With 10GB connections becoming the norm, ESXi hosts will generally have less physical connections than in the past where 1Gb was generally used, but more bandwidth per connection (and in total) than a host with 1GB NICs.

In this case, the hosts have only to 2 x 10GB NICs and the design needs to cater for all traffic (including IP storage) for the ESXi hosts.

The design needs to ensure all types of traffic have sufficient burst and sustained bandwidth for all traffic types without significantly negatively impacting other types of traffic.

How can this be achieved?

Assumptions

1. No additional Network cards (1gb or 10gb) can be supported
2. vSphere 5.1
3. Multi-NIC vMotion is desired

Constraints

1. Two (2) x 10GB NICs

Motivation

1. Ensure IP Storage (NFS) performance is optimal
2.Ensure vMotion activities (including a host entering maintenance mode) can be performed in a timely manner without impact to IP Storage or Fault Tolerance
3. Fault tolerance is a latency-sensitive traffic flow, so it is recommended to always set the corresponding resource-pool shares to a reasonably high relative value in the case of custom shares.
4. Proactively address potential contention due to limited physical network interfaces

Architectural Decision

Use one dvSwitch to support all VMKernel and virtual machine network traffic.

Enable Network I/O control, and configure NFS and/or iSCSI traffic with a share value of 100 and ESXi Management , vMotion & FT which will have share value of 25. Virtual Machine traffic will have a share value of 50.
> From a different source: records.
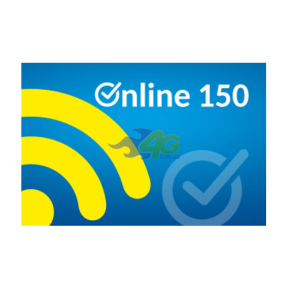 Интертелеком 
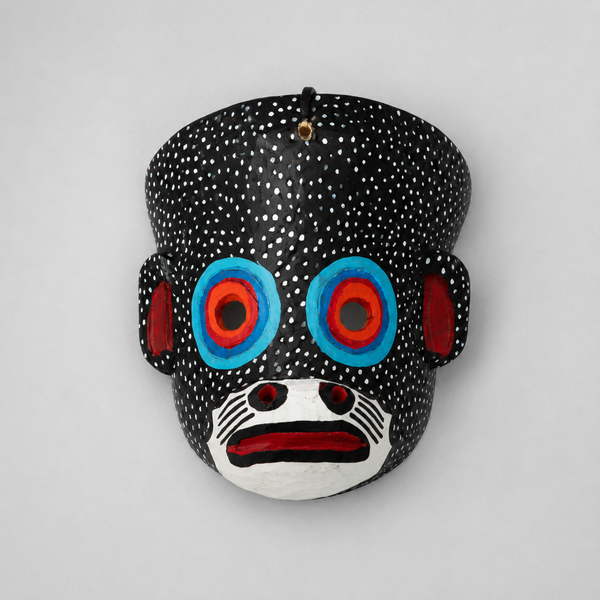 Petits Masques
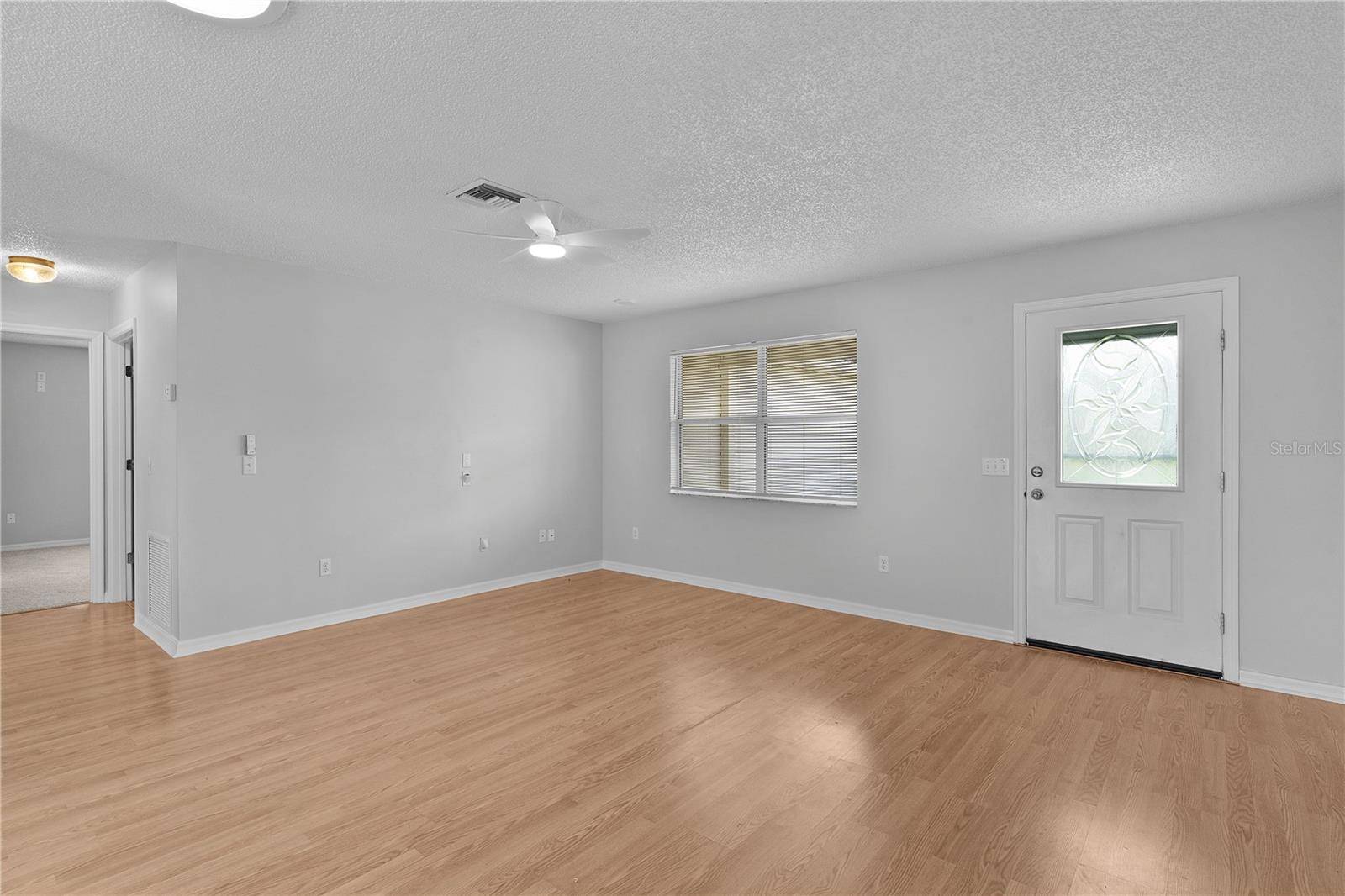 The Villages, FL 32159,807 RAMOS DR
Configure the two (2) VMKernel’s for IP Storage on dvSwitch and set to be Active on one 10GB interface and Standby on the second.

Configure two VMKernel interfaces for vMotion on the dvSwitch and set the first as Active on one interface and standby on the second.

A single VMKernel will be configured for Fault tolerance and will be configured as Active on one interface and standby on the second.

For ESXi Management, the VMKernel will be configured as Active on the interface where FT is standby and standby on the second interface.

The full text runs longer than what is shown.